Dans ce contexte, des solutions de Customer Relationship Management (CRM) se sont progressivement déployées et ont remplacé les traditionnelles bases de données. Une nouvelle génération d’outils bien plus sophistiqués émerge à présent : les Data Marketing Platform (DMP) et Customer Data Platform (CDP). Quels services proposent ces nouvelles solutions ? Quelle est leur plus-value, et sont-elles adaptées aux équipements culturels ? Cet article vise à clarifier ces concepts, expliquer les typologies de données concernées, et montrer comment ces outils peuvent contribuer à une meilleure compréhension et fidélisation des publics.

"Data Marketing Platform" et "Customer Data Platform" : de quoi parle-t-on ?

Pour bien comprendre la portée de ces plateformes, il est essentiel de différencier la Data Marketing Platform (DMP) de la Customer Data Platform (CDP).

Les Data Marketing Platform (DMP) permettent de collecter, de centraliser et d’analyser des données provenant de sources variées et extérieures à l’organisation et qui sont le plus souvent anonymes.

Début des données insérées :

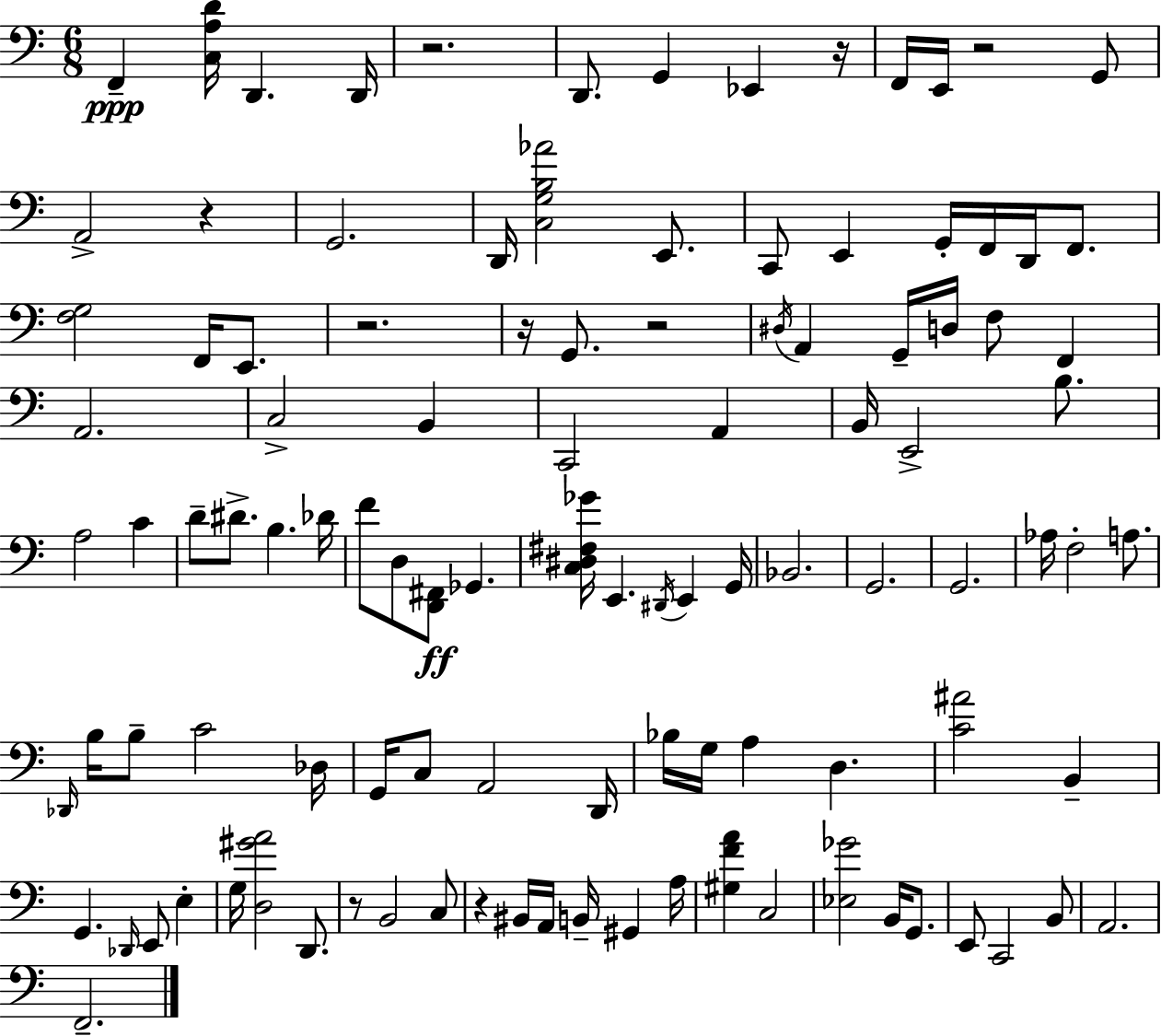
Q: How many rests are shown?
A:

Les Data Marketing Platform sont principalement utilisées pour optimiser les campagnes publicitaires et acquérir de nouveaux publics. Elles s'appuient sur des données tierces, agrégées et anonymisées (cookies, informations de navigation, etc.) qui une fois regroupées, créent des segments d'audience. Ainsi, une DMP pourrait permettre à une salle de spectacle de cibler des amateurs de théâtre ayant visité des sites dédiés à la culture ou à la billetterie. Il s’agit ici de développer son audience. 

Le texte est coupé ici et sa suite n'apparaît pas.